Many thanks for this. Last December I recharged my old nikon D70 of only 6MP after nearly 20 years. Some of the photographs that I took with it were really good, both in composition and colour. It does not allow for pixel peeping which in my book is a very very good thing. Less of all this pointless and futile high MP indulgence and more quality photography please. May I remind people, that in mid 2000s when Phase One introduced their ' revolutionary ' ( their word not mine ) P series of medium format digital backs that cost the price of a small flat in the NW of England and every fashion, product or commercial photographer was after one, started @ at 16 MP. If 16 MP was enough to satisfy the picture editors of the likes of Vouge, or the marketing of companies like the Mercedes Benz or BMW, then it is good enough today. If 16 MP did the job, and it did then what do we think 120 MP back will do? Have models developed more fine body hair or the detail in the paint of a £100000 car has increased? None of that, they just want us to believe that buying one of these cameras or backs will make us ' better ' photographers, which is just a mind game. What I was very surprised with, was that one of the most respected landscape photographers in the UK proudly declared in one his videos that the new 100MP back allows him to crop in. If so, one had to ask him why he had half a dozen superexpensive Phase One/Schneider lenses of all focal lengths in his bag? I guess he had to repay Phase One for the money they had paid him. PS: Do I see a Leica in the background?
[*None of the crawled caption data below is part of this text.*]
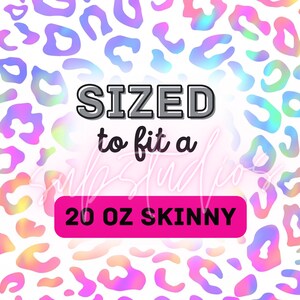 Pu&ograve; includere: Uno sfondo bianco con un motivo leopardato olografico. Il testo "SIZED to fit a 20 OZ SKINNY" &egrave; in nero su un rettangolo rosa.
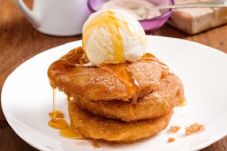 Lezatnya Apel Goreng...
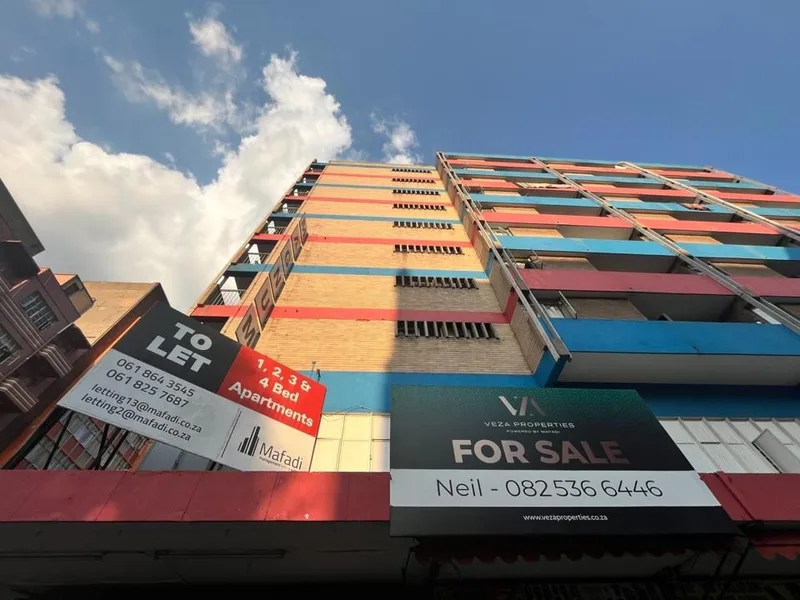 0.5 Bedroom Apartment / flat to rent in Johannesburg Central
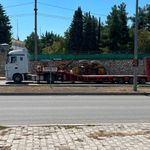 Ani fren yapan tırın üzerindeki greyder devrildi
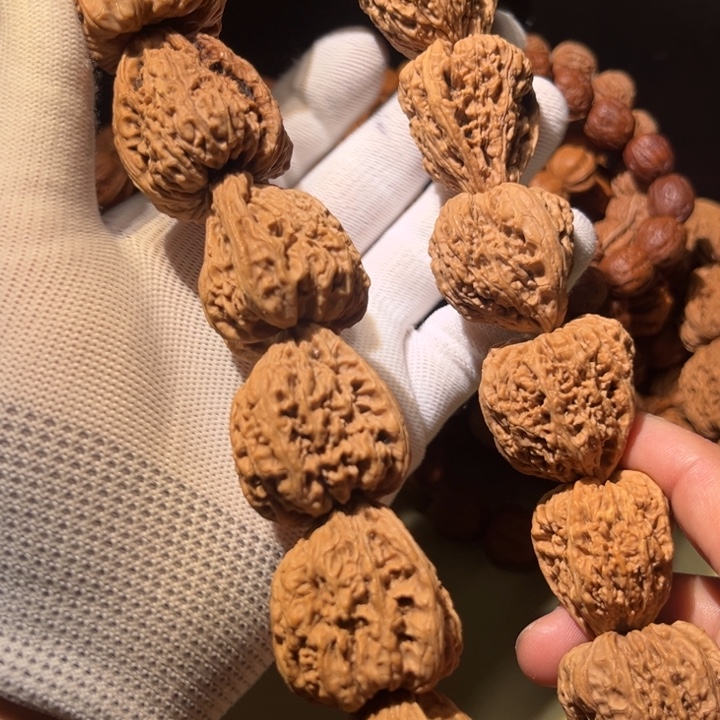 E***文玩核桃手串…………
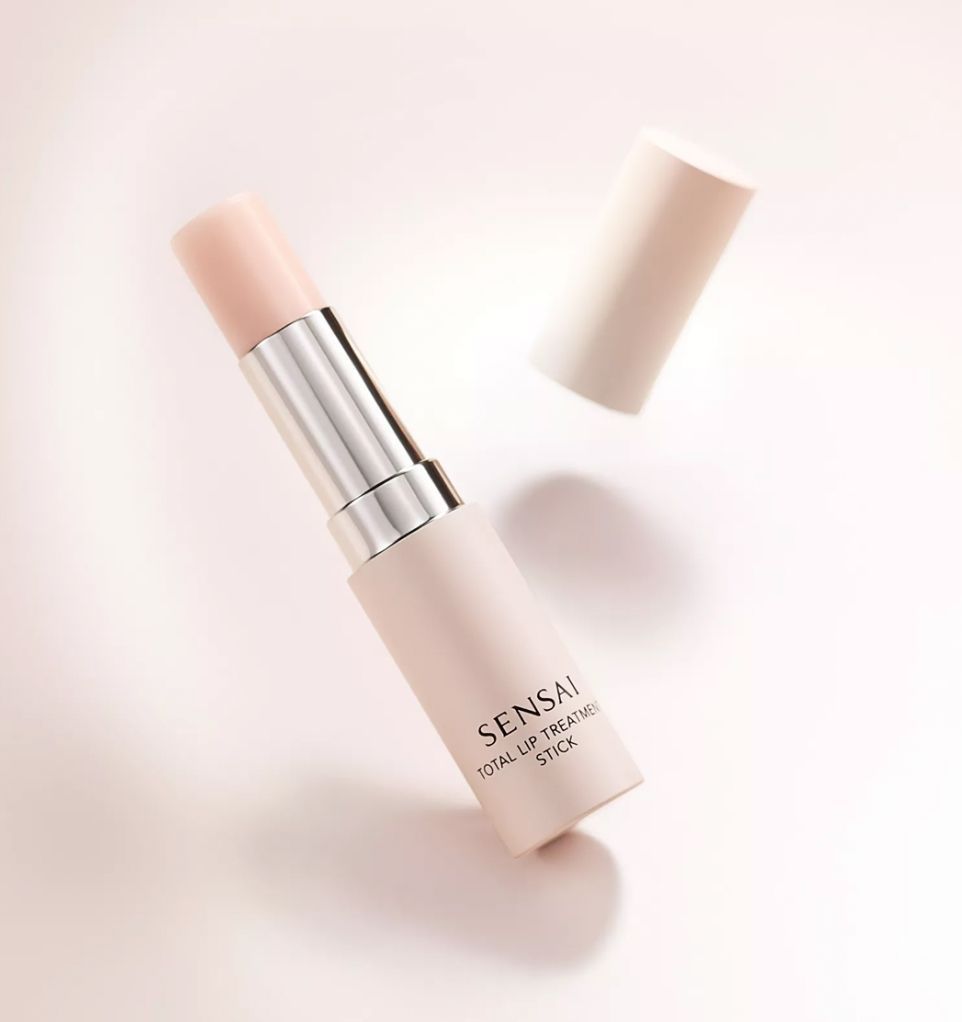 Захисний бальзам для губ Sensai Total Lip Treatment Stick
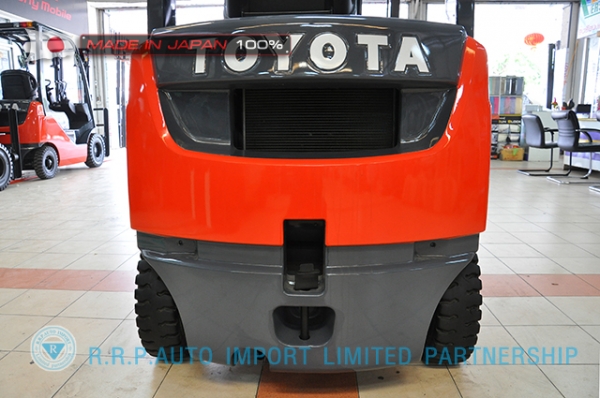 ขายรถโฟล์คลิฟท์มือสอง TOYOTA รุ่น 8FD15-10646 นำเข้าจากประเทศญี่ปุ่น 100\% ไม่เคยใช้งานในไทย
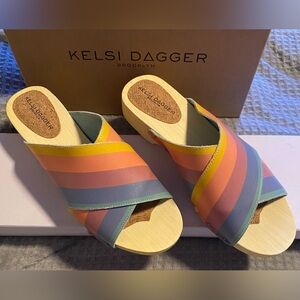 Kelsi Dagger Brooklyn Heeled Sandals Rainbow 🌈 size 9
Leather upper; man-made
12mp is not the future but i do agree with what you say 😁 I have 16mp XE1 and it has way more detail than my X100 original. I also think the lens has alot to do with the resolution. I also just bought the new 23 1.4 and on my XE1 the sharpness & detail is really noticeable to me
Love my Pentax Q7 with 12 megapixel for the organic, ironically truer to life rendering than cameras with higer resolution. The shot at 1:02 , the lady with the cigarette, is compositional perfection!
My most used cameras are recently 40-years old film SLR and 20-years old DSLR (6MPix), mostly shot in Av or M mode. And my most wanted is now Pentax 17 (film half-frame compact). Fun and inspiration sometimes have very little to do with camera parameters.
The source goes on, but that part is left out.